Combien coûte cette politique du logement à l’agglomération?
Entre 2015 et 2025, nous y investissons 22 millions d’euros par an, auxquels il faut ajouter 5 millions d’euros pour l’achat de foncier. Lors de la décennie précédente, c’était beaucoup plus parce que nous voulions créer ce choc de l’offre. Certaines années, nous mettions 35 millions d’euros. Nous dépensons également 5 millions d’euros au titre des aides destinées à l’accession à la propriété.
En matière de logement, la main invisible qui est censée équilibrer le marché est donc inopérante?
Absolument. Si on laisse faire le marché, il exclut.

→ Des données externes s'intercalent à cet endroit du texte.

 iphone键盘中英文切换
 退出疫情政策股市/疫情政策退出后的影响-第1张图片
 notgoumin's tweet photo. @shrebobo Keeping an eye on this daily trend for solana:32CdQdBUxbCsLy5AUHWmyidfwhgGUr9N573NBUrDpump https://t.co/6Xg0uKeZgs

Comment s’intègrent le logement neuf et le logement ancien?
Effectivement, il n’y a pas que le neuf, nous réhabilitons également le parc immobilier ancien, public ou privé. Il faut que l’ancien garde son attractivité pour ne pas déséquilibrer le marché.

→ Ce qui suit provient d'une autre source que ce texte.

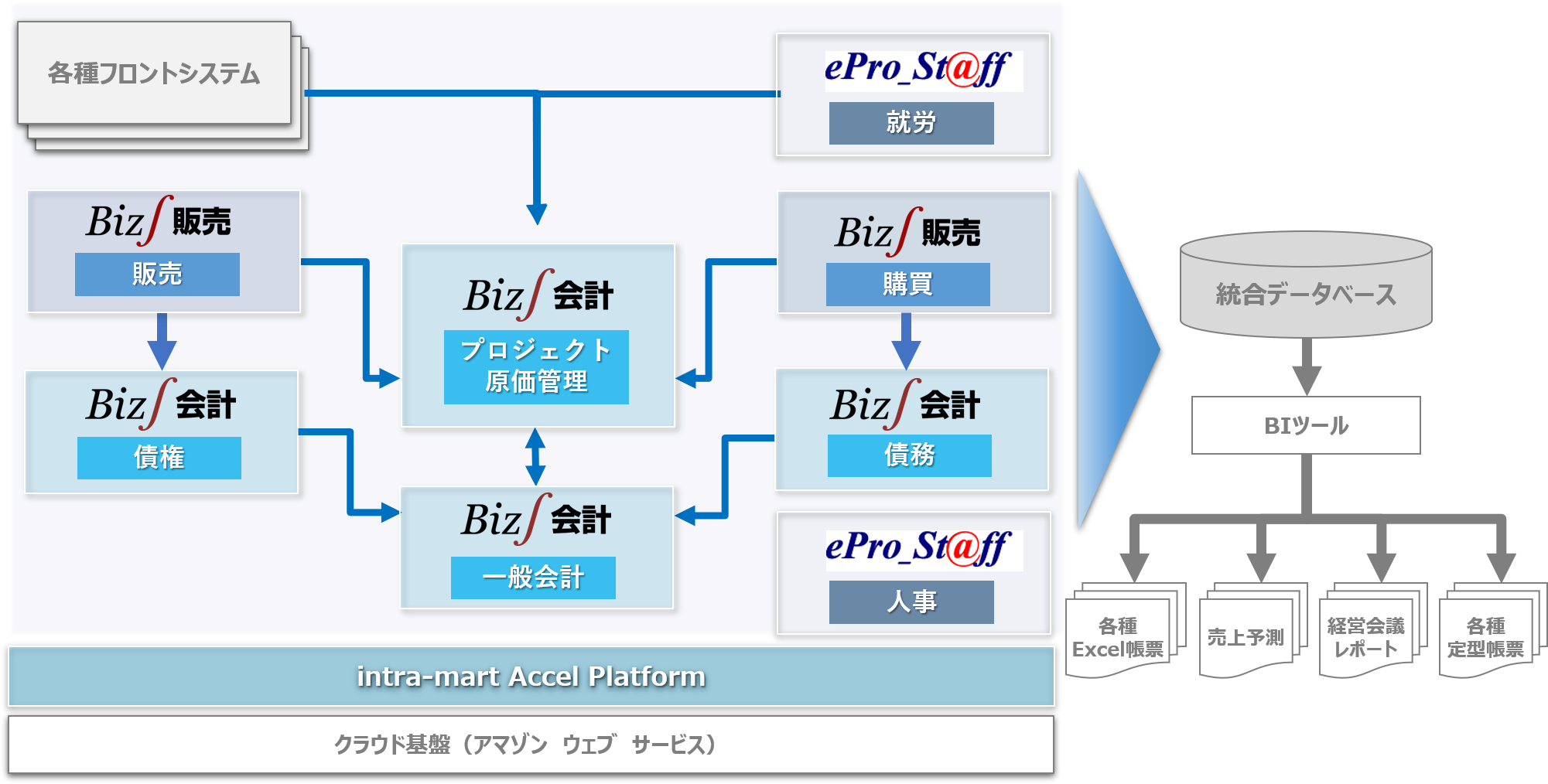 総合建設業のERP（基幹システム）構成図（乃村工藝社）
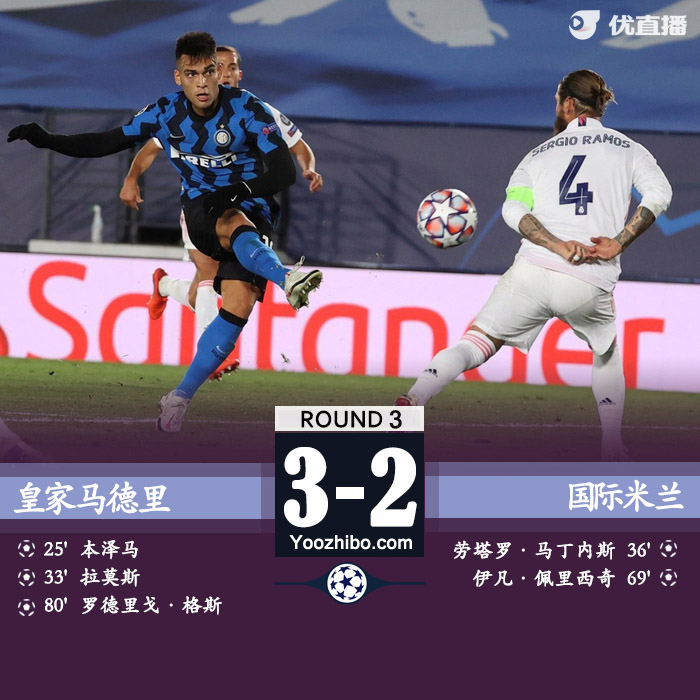 皇马3-2国米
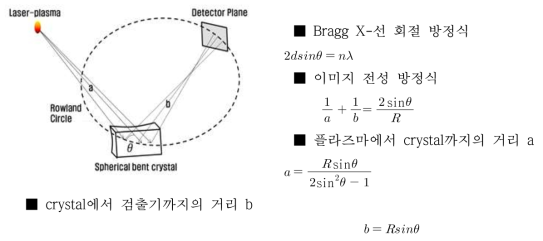 X-선 분광장치의 개략도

Sur le plan de l’urbanisme, comment gérez-vous la croissance de la ville et de sa métropole?
Nous avons fait le choix de la ville archipel, c’est-à-dire que nous préservons une ceinture verte autour de la ville avec des champs et des espaces agricoles. La métropole se développe au-delà de cette ceinture. Cela permet d’éviter la création de banlieues.
Cela nécessite l’accord de toutes les communes de la métropole…

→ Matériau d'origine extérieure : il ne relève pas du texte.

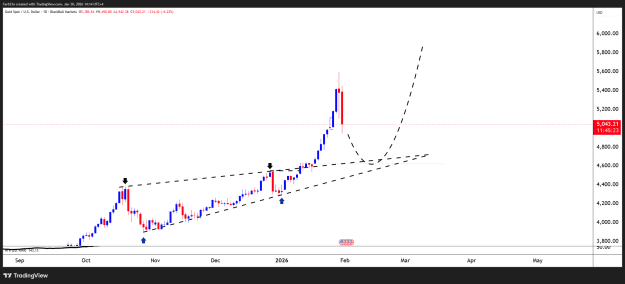 Click to Enlarge

Name: XAUUSD_2026-01-30_14-14-36.png
Size: 27 KB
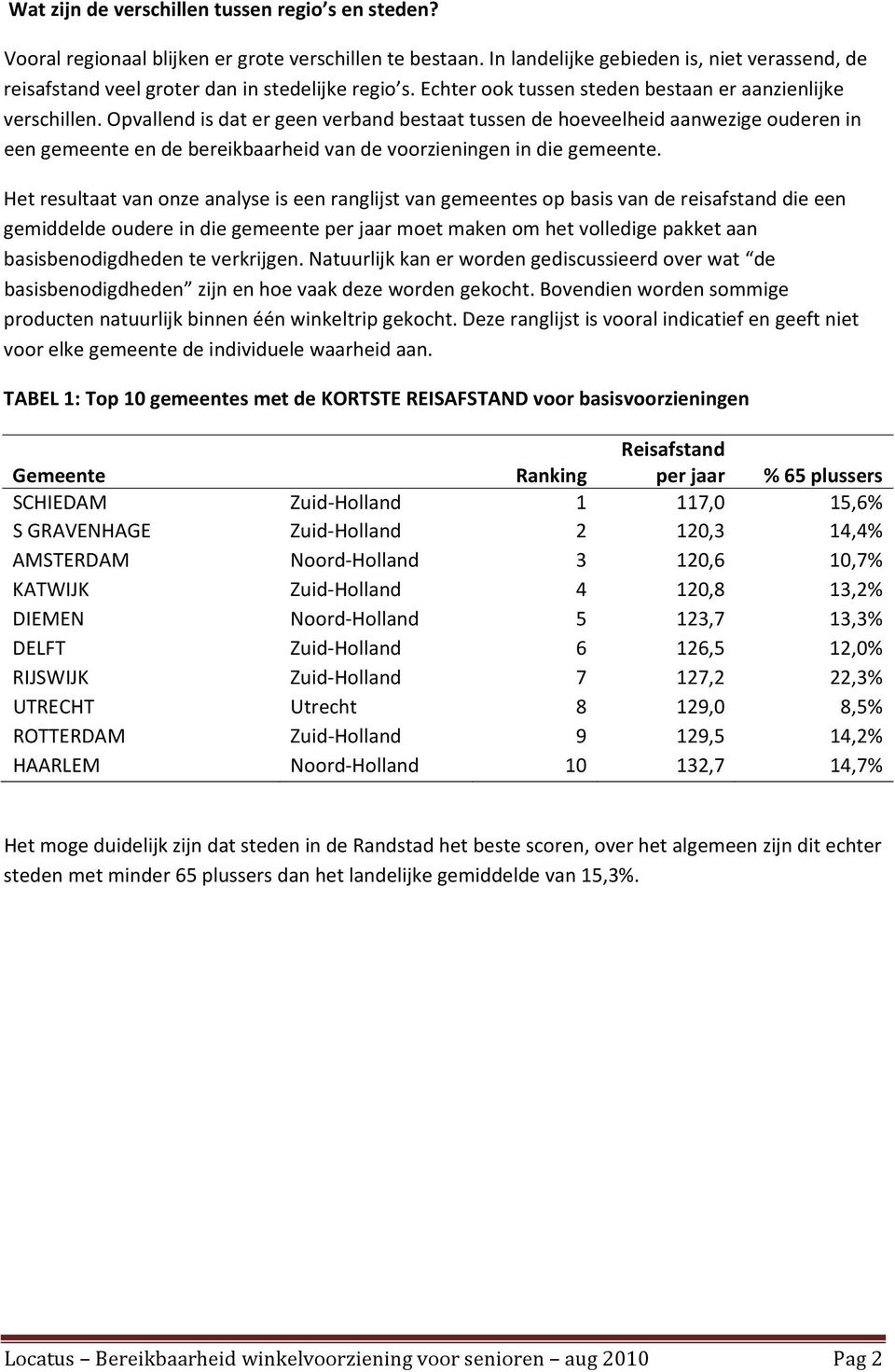 Opvallend is dat er geen verband bestaat tussen de hoeveelheid aanwezige ouderen in een gemeente en de bereikbaarheid van de voorzieningen in die gemeente.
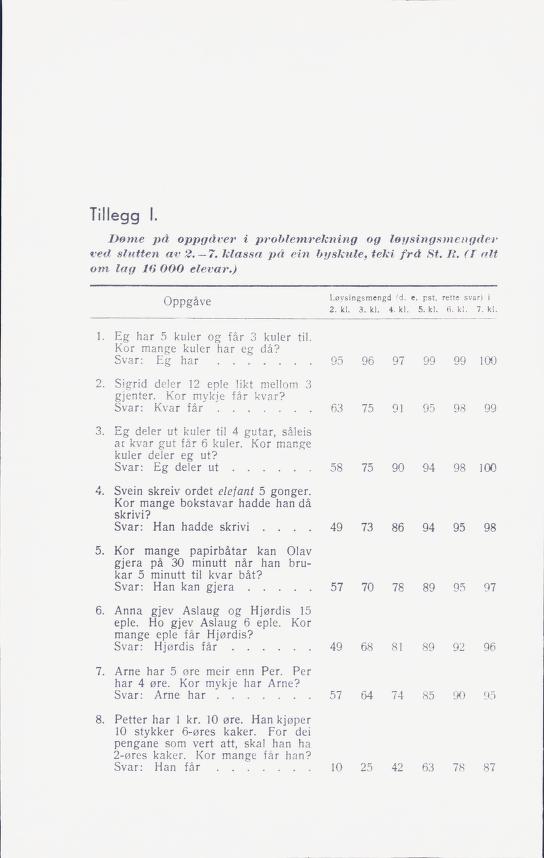 Skann 160 av Normalplanen 1939 · landsplan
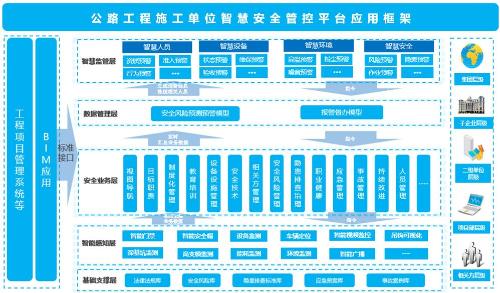 公路工程施工单位智慧安全管控平台解决方案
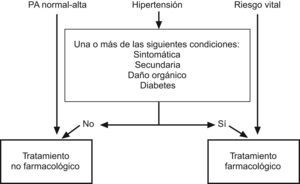 Cuándo ha de iniciarse el tratamiento antihipertensivo. Deberá comenzar a administrarse un tratamiento antihipertensivo cuando se dé una o más de las condiciones listadas. Si se observa la existencia de hipertensión persistente (a pesar de haber adoptado medidas no farmacológicas), debe iniciarse el tratamiento farmacológico antihipertensivo.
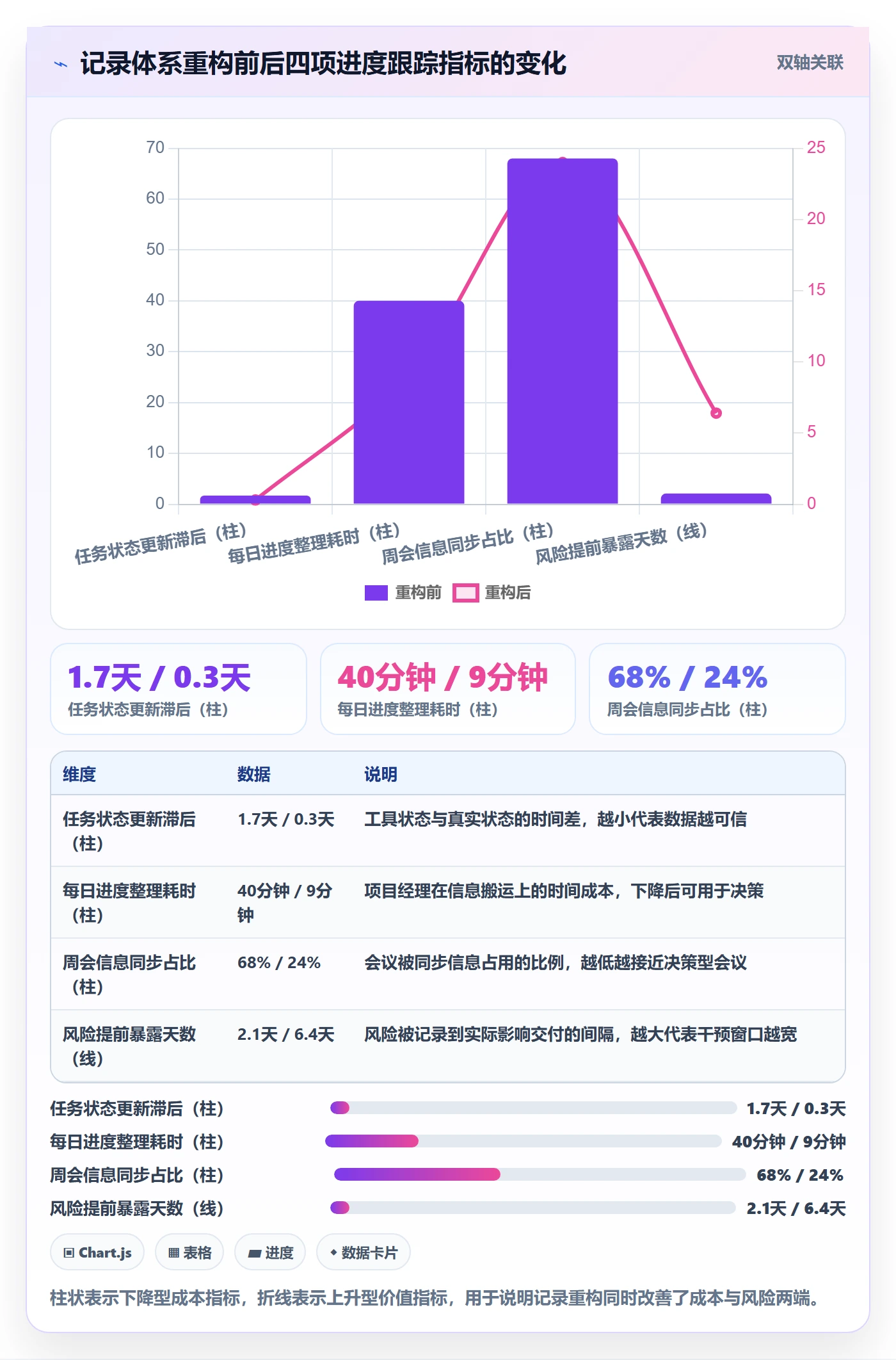 更新记录实操方法:项目经理提升进度跟踪效率的实操方法方法与模板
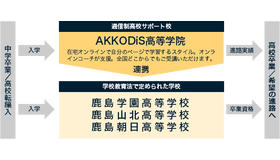 通信制高校サポート校「AKKODiS高等学院」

Oui, mais cette politique fait consensus parce qu’elle a déjà montré son efficacité.
Proposer des logements sous le coût du marché est une chose, mais comment parvenez-vous à les maintenir à des coûts raisonnables lors de leurs reventes?
Jusqu’à présent, rien n’empêchait un acquéreur de revendre un logement obtenu au prix bas en réalisant une belle plus-value. Pour mettre fin à cette pratique, nous allons créer ces prochains jours un Organisme foncier solidaire. C’est-à-dire que l’acheteur sera uniquement propriétaire du volume, le terrain restant la propriété de l’organisme foncier (NDLR : comme dans un bail emphytéotique). Grâce à ce système, le prix à la revente est contrôlé car seul quelqu’un qui répond aux critères de l’accession sociale pourra acheter le logement. Notre objectif est de maîtriser le coût de 3 000 logements d’ici quelques années.
À quel point cette politique a-t-elle permis de créer davantage de mixité sociale dans les quartiers?
Le fait d’imposer aux promoteurs la construction d’un certain pourcentage de logements sociaux et de logements à prix modérés qui varie selon les quartiers (NDLR : jusqu’à 25 % de logements sociaux) permet, au fil du temps, un rééquilibrage des populations. C’est un de nos objectifs. Cela fonctionne d’ailleurs dans les deux sens. Après la Seconde Guerre mondiale, de grands quartiers d’habitat social ont été construits et ils posent aujourd’hui un problème de mixité. Notre volonté est d’y amener de la diversité immobilière. Là où il n’y avait que du logement social, nous créons des logements en accession à la propriété et des logements libres.
Ces quartiers populaires retrouvent-ils un attrait aujourd’hui?
Nous travaillons sur la rénovation des logements, les dessertes en transports en commun, les écoles ou les équipements pour redonner de l’attractivité à ces territoires. Et nous n’y construisons plus de logements sociaux, puisque nous préférons les produire ailleurs. Quand on rénove les quartiers, si on ne change pas la composition sociale et la démographie, au final, on ne change pas grand-chose. Le 1er juillet, nous serons, par exemple, les premiers en France à mettre en place le loyer unique dans le secteur locatif social. C’est-à-dire qu’un logement de même type aura le même loyer où qu’il se situe dans la Métropole. Nous allons pouvoir donner le choix du quartier ou de la commune aux locataires. C’est important pour la mixité.
Entretien avec Erwan Nonet.
Rennes en bref
Environ 217 000 personnes vivent à Rennes, tandis que sa métropole (qui englobe 43 communes) compte 420 000 habitants. Elle est la ville la plus jeune de France (60 % de la population a moins de 40 ans) et se situe au 3e rang national pour la croissance démographique (+1,4 % par an). Depuis 1990, sa population a augmenté de 30 %. Le taux de chômage oscille autour de 7,5 %, deux points de moins que la moyenne française.